Presidente afegão culpa retirada “abrupta” dos EUA pelo rápido avanço dos taliban
Washington diz-se pronto a receber mais milhares de refugiados afegãos para além dos 20 mil que já pediram asilo no programa destinado aos intérpretes que trabalharam com as forças norte-americanas.
No discurso que acompanhou a apresentação do seu plano de segurança ao Parlamento (não foram tornados públicos quaisquer pormenores) o Presidente do Afeganistão, Ashraf Ghani, prometeu vencer o conflito cada vez mais generalizado com as milícias taliban, garantindo que a situação estará “sob controlo em seis meses”.
Confirmando que os Estados Unidos lhe têm garantido todo o apoio, o chefe de Estado também apontou o dedo aos norte-americanos: “A razão para a situação actual é que a decisão foi tomada de forma abrupta”, disse, sobre a retirada das tropas dos EUA, acrescentando que avisou Washington que a saída teria “consequências”.
A retirada total das tropas dos EUA do Afeganistão só estará concluída no fim de Agosto, mas o momento mais importante, do ponto de vista operacional e simbólico, aconteceu há precisamente um mês, quando saíram os últimos soldados que estavam na base militar de Bagram, durante quase 20 anos o centro de comando da mais longa guerra em que os EUA já se envolveram. Dias depois, o novo comandante da base aérea, o general Mir Asadullah Kohistani, disse que as forças americanas se limitaram a desligar a luz e saíram sem aviso.
Depois de já terem aumentado com o acordo alcançado entre os taliban e os EUA, em Fevereiro de 2020, e com a confirmação do calendário da retirada, em Abril, os ataques do movimento fundamentalista islâmico intensificaram-se ainda mais. A semana passada, a ONU afirmou o seu temor que um número “sem precedentes de civis” seja morto ou ferido em 2021.
Os taliban reivindicam já o controlo de vastas áreas do país e capturaram nas últimas semanas vários postos fronteiriços: estimativas independentes indicam que o grupo conquistou mais território nos últimos dois meses do que no total das duas décadas anteriores, desde que foram expulsos do poder pela intervenção internacional liderada pelos americanos em resposta aos atentados do 11 de Setembro.
Até agora, grande parte dessas conquistas tinha acontecido em território rural, fora das capitais de província, mas durante o fim-de-semana foi lançado um ataque contra o aeroporto da segunda maior cidade afegã, Kandahar, que foi a capital dos taliban entre 1996 e Dezembro de 2001. O Exército afegão está especialmente preocupado com a situação “crítica” em três províncias do Sul e do Ocidente do país: para além de Kandahar, estão em risco Herat e Lashkar Gah.

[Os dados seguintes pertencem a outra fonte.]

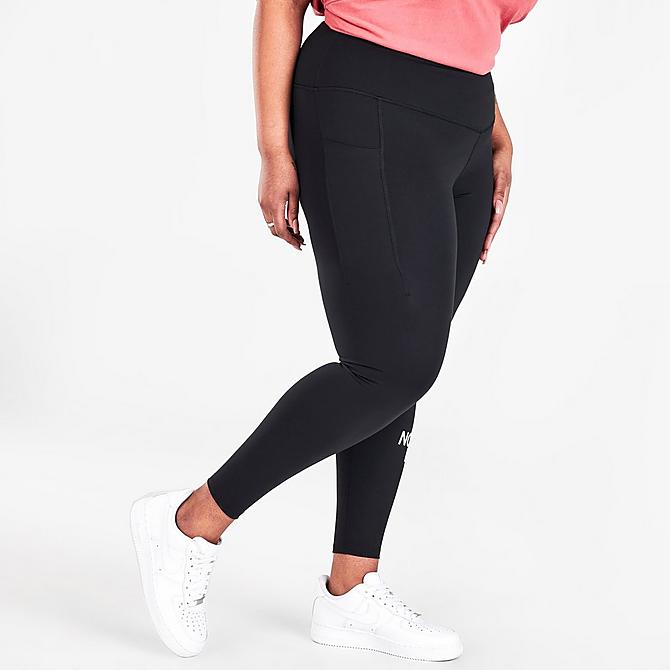 Back Left view of Women's The North Face Midline Printed High-Rise Cropped Leggings in Black Click to zoom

Face a estes desenvolvimentos, Joe Biden prometeu não abandonar o aliado e os EUA têm apoiado as forças afegãs com ataques aéreos nos principais focos de combate, como Lashkar Gah.
Ghani não deu mais explicações sobre o seu plano para pôr fim à ofensiva taliban. Depois da intervenção, as duas câmaras do Parlamento divulgaram um comunicado onde expressam o apoio “firme” ao Presidente, aos direitos humanos, à liberdade de expressão e aos militares afegãos, “que sacrificam a vida pela nação”.
Em resposta, os taliban desvalorizaram as palavras de Ghani, falando em “declarações sem sentido”, destinadas a “tentar controlar o seu mau estado mental e os seus erros”.
Tendo em conta a deterioração da segurança no país, o Departamento de Estado norte-americano prepara-se para anunciar um novo programa para acolher refugiados afegãos. O objectivo é alargar os critérios de ilegibilidade para pedir asilo de forma a incluir “mais alguns milhares de afegãos e as suas famílias nucleares que podem estar em risco por causa da sua colaboração com os EUA”.
Até agora, quase 20 mil afegãos, que trabalharam como intérpretes ou guias dos militares, já pediram protecção aos EUA: 200 chegaram na sexta-feira à Virgínia, onde vão esperar pelos seus familiares, e 4000 estão na fase final do processo de avaliação, enquanto mais uns 15 mil aguardam a sua vez para começar o longo processo de verificações e entrevistas.